“Cash, precious metals, cryptocurrencies” is the new norm for peak stock market risk

“Cash, precious metals, cryptocurrencies” is the new norm for peak stock market risk


You will pay more for active ETFs than for passive funds. Is it worth it?

With a handful of large-cap technology and AI stocks at the top of the list S&P500 Index dominating the US market in a way unprecedented in history, portfolio concentration risk has taken on a new form, and investors have long been told to follow some version of Warren Buffett’s stock advice to “never bet on America.”

But with nine tech stocks that rank higher than Buffett Berkshire Hathaway weighted in an index representing almost 40% of the market, the imbalance is causing investors to look for new ways to hedge. Buffett may also disagree with their answer, even though he did long doubting voice on the value of precious metals, but many people are moving in this direction cashgold and cryptocurrencies to find uncorrelated returns and volatility protection.

“If you break down ETF flows into categories, it’s cash, precious metals and then crypto,” Todd Sohn, senior ETF specialist and technical strategist at Strategas Securities, said on CNBC “ETF Edge” earlier this week, referring to the trades that have been most popular among investors this year. “They are clearly being embraced by the more mainstream [investors]”

He linked this tendency directly to concentration risk. “Some investors realize they have a lot of exposure to technology and artificial intelligence, so they need to diversify and find uncorrelated assets,” Sohn said.

Although some experts recommend surprise-inducing assignments to gold and cryptocurrencies, and there are more of them we are talking about a 60-20-20 portfolio To replace the classic 60-40 equity bond mix, most allocations are still small but growing.

“Most of the conversations I’m having and the allocation documents I’m reading are talking about one to three percent for cryptocurrencies and three to seven [percent] on gold,” Sohn said.

Gold experienced hard weekwith significant sales but up over 60% on the year as it trades this week, it’s no big surprise to see profits being taken.

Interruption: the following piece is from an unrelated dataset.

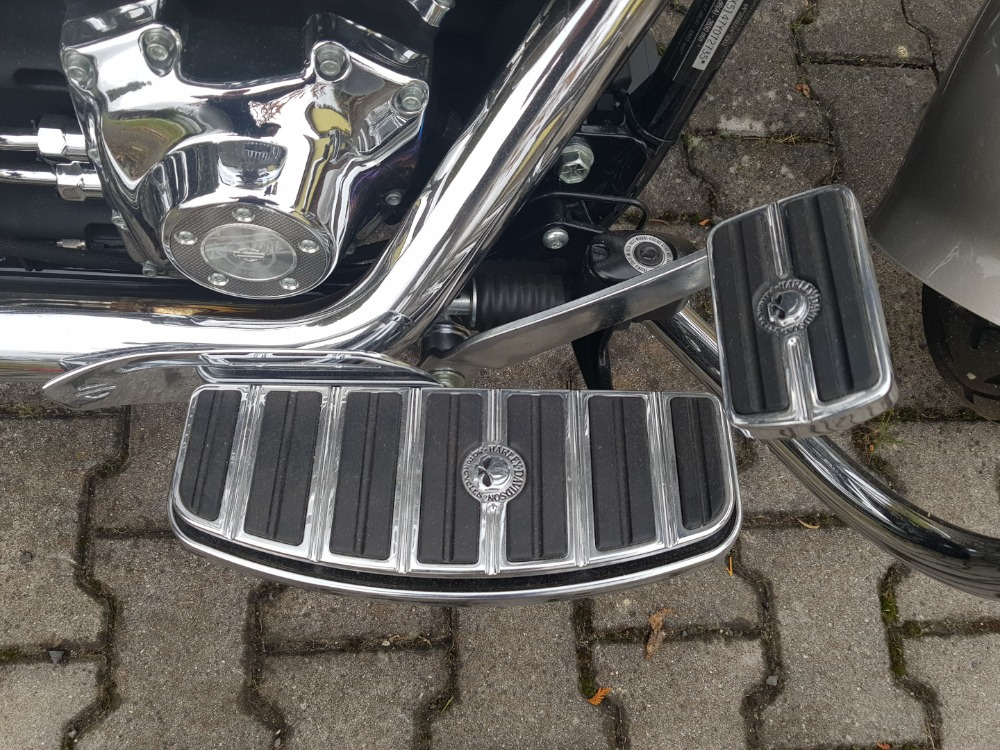 Harley-Davidson Fat Boy FLSTF - 13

Gold has struck record high above $4,400 this month, supported by central bank purchases, dollar depreciation and persistent geopolitical risk, the so-called “degrading trade”.

The SPDR Gold Shares (GLD) approximately $6.8 billion flowed in over the last month, in a year in which gold funds achieved nearly $40 billion in net inflows from investors.

Crypto, a newer security that is becoming more attractive to investors, also had a good year, although the price of gold more than tripled bitcoinsreturn of 17% while ether gained 15%. The launch of spot bitcoin ETFs has brought institutional money into the space and transformed digital assets into legitimate wallet tools. The iShares Bitcoin Trust (IBIT) According to VettaFi, it is one of the largest cash bitcoin ETFs, managing nearly $90 billion in assets.

Sohn says using ETFs to access new approaches to the market has been fundamental to its history and evolution. “We started in large-cap stocks in 1993, gold and emerging markets in 2004, and now we’ve moved into call and high-yield products,” Sohn said.

This also means that investors can manage risk in different ways. Instead of relying on high-yield stocks or simple bond funds, they can build portfolios with derivatives-based ETFs or alternative exposures.

Crypto tells a similar story. Thanks to now regulated ETFs, bitcoin and ethereum have moved from speculative trades to recognized components of diversified strategies. “The pace of development and innovation that is driving these ETFs is lightning fast,” Sohn said.